A key advantage of our method is incorporation of observed variant frequency data from over 20,000 genome-wide assays performed by high-resolution aCGH at out diagnostic lab in addition to the computational gene scoring approach. The epilepsy cohorts and comparator non-neurologic cohorts were comprised of phenotypically affected individuals with segmental findings. Our approach was to model the differential frequency of CNVs affecting each gene between these two groups using our pathogenicity score to inform the rate distribution. Subsequently, we are able to use the machinery of Bayesian model comparison to compute those genes where the epilepsy scoring improved the fit from what would be expected without this phenotype-based knowledge. The Bayes factor summaries allowed us to rank individual genes using the computational score, but the real frequency data—which are driven by molecular mutation events in actual human populations—necessarily incorporate structural and genomic feature information that are not part of the pathogenicity score. By exploiting variant frequency in actual subjects, our approach utilizes this genomic information without requiring us to explicitly model or otherwise include the complex biological processes underlying mutation.
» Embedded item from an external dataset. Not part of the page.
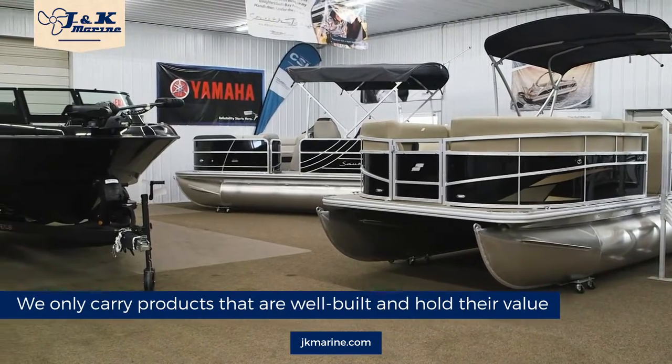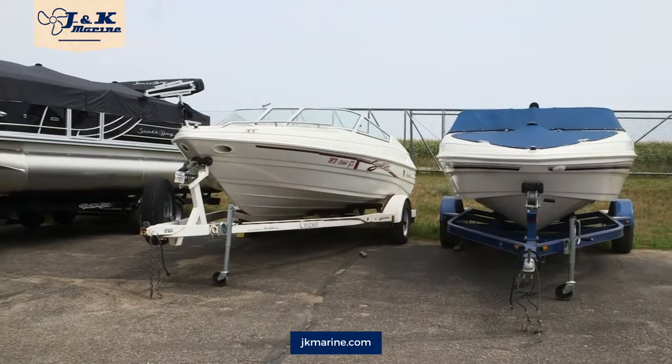When someone comes in to upgrade their South Bay pontoon, they are purchasing another South Bay pontoon. From the deck down, there is no wood in South Bay's composite structuring. We all know what happens when wood gets wet.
Using this approach at the genome and cohort-wide level, our analysis was able to highlight a number of potentially novel genes as relevant to epilepsy. The highest scoring candidate gene identified by our method is ERBB4, encoding a member of the ErbB subfamily of tyrosine kinases that functions as a neuregulin receptor . Rare variants of ERBB4 have been associated with increased risk for schizophrenia ; an intronic deletion between exons 7 and 8 was also identified in a patient with an ASD ; and a patient with a de novo reciprocal translocation t(2;6)(q34;p25.3), apparently disrupting the ERBB4 gene, was identified with early myoclonic encephalopathy . Recent experiments also showed that Erbb4−/− mice exhibit increased susceptibility to chemically induced seizures . This evidence taken together with our analysis suggests that mutations of ERBB4 may be associated with a number of epileptic phenotypes.
Given the sizable mutation frequency difference of ERBB4 between the epilepsy and non-neurologic cohorts, identification of the gene would have likely been possible using frequency information alone. However, our method is also able to call attention to genes that, although rarely mutated, are highly similar to the training genes. A number of the genes listed in Table 3 exemplify this principle. For example, although GRM5, encoding the metabatropic glutamate receptor 5, was identified as deleted in only one subject, it's Bayes factor is in the 98th percentile among genes deleted at least once in any cohort. This gene is interesting because Grm5−/− mice have increased susceptibility to pharmacologically induced seizures and the human protein product is highly connected to the epilepsy training genes. Such information could easily be overlooked given the subject's (3.6 Mb) deletion also includes 17 other RefSeq genes.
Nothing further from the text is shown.